La responsabilidad penal de las personas jurídicas entró en el ordenamiento español con la reforma del Código Penal de 2010 y tomó su forma actual en 2015, cuando los modelos de organización y gestión se incorporaron expresamente como causa de exención. Esa responsabilidad alcanza solo a los delitos en los que el propio Código la prevé de forma expresa, pero dentro de ese catálogo una sociedad puede sentarse en el banquillo por hechos cometidos en su nombre y en su beneficio, y lo que decide su suerte no es la buena fe de sus administradores, sino si tenía un modelo idóneo y si lo aplicaba de verdad.

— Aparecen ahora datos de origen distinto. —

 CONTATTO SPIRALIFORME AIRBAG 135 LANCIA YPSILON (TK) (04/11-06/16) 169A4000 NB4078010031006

Cuando el delito lo comete un representante legal o alguien con facultades de decisión, organización o control, el Código Penal pide cuatro cosas a la vez para que el modelo exima: que el órgano de administración lo hubiera adoptado y ejecutado con eficacia antes del delito; que su supervisión esté encomendada a un órgano con poderes autónomos de iniciativa y control; que los autores materiales hayan cometido el delito eludiendo fraudulentamente el modelo; y que ese órgano de supervisión no haya omitido ni ejercido de forma insuficiente sus funciones. Si las condiciones solo se acreditan en parte, el efecto no desaparece: se aplica como atenuante.
Cuando quien delinque es un subordinado, la exigencia es distinta y algo menor: basta con que la empresa hubiera adoptado y ejecutado eficazmente, antes de los hechos, un modelo adecuado para prevenir delitos de la naturaleza del cometido o para reducir de forma significativa el riesgo de que se cometiera. También aquí la acreditación parcial juega como atenuante. En los dos supuestos, el contenido exigible al modelo es el mismo.
El propio artículo 31 bis enumera además seis requisitos de contenido del modelo: identificar las actividades en cuyo ámbito pueden cometerse los delitos, establecer protocolos de formación de la voluntad y de adopción y ejecución de decisiones, disponer de modelos de gestión de los recursos financieros adecuados, imponer la obligación de informar de riesgos e incumplimientos al órgano de cumplimiento, contar con un sistema disciplinario que sancione el incumplimiento del modelo y prever su verificación periódica y su modificación.
A esa exigencia penal se suma otra, esta sí obligatoria por plantilla: la Ley 2/2023, de 20 de febrero, que traspone la directiva europea de protección del informante y obliga a las empresas privadas con cincuenta o más trabajadores a disponer de un Sistema interno de información. No es un buzón de correo: la ley regula quién lo gestiona, cómo se preserva la confidencialidad, qué plazos hay que cumplir y qué protección tiene quien informa frente a represalias.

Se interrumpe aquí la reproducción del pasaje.